RECORDED INFORMATION:
^^^^^^^^
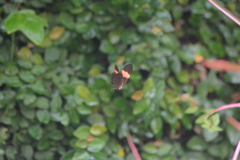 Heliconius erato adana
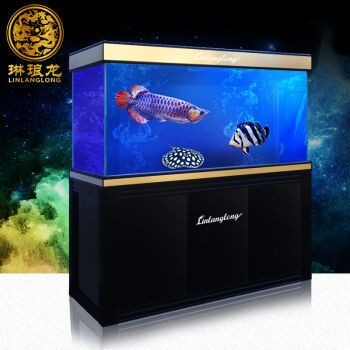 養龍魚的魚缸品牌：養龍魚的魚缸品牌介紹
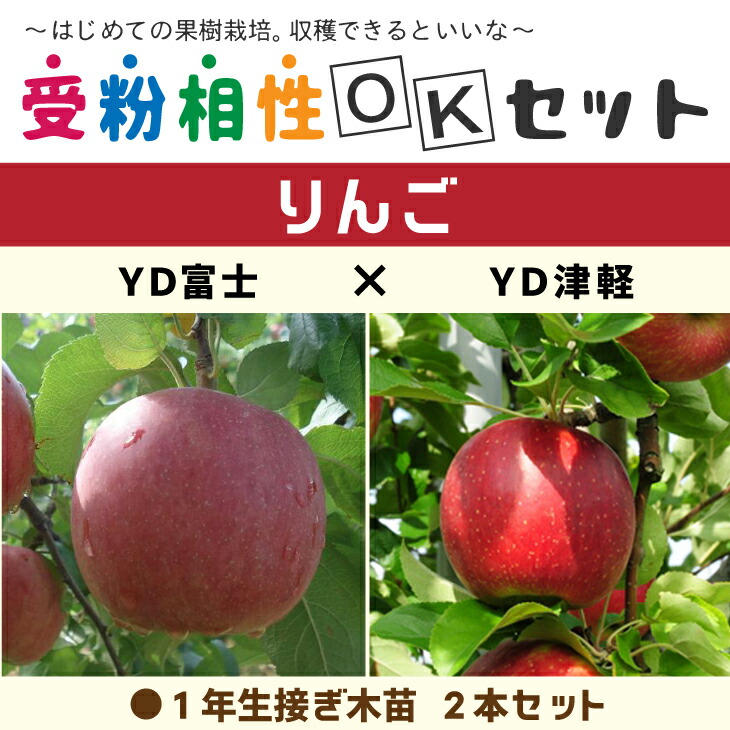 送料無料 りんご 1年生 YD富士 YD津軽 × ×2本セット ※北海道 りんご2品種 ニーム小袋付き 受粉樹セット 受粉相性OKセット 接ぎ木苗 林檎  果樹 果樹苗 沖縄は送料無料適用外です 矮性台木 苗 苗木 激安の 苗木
^^^^^^^^
WHAT TO DO:
Output the data above in full. Skip every picture.

SOLUTION TO THE EXERCISE:
 Heliconius erato adana
 養龍魚的魚缸品牌：養龍魚的魚缸品牌介紹
 送料無料 りんご 1年生 YD富士 YD津軽 × ×2本セット ※北海道 りんご2品種 ニーム小袋付き 受粉樹セット 受粉相性OKセット 接ぎ木苗 林檎  果樹 果樹苗 沖縄は送料無料適用外です 矮性台木 苗 苗木 激安の 苗木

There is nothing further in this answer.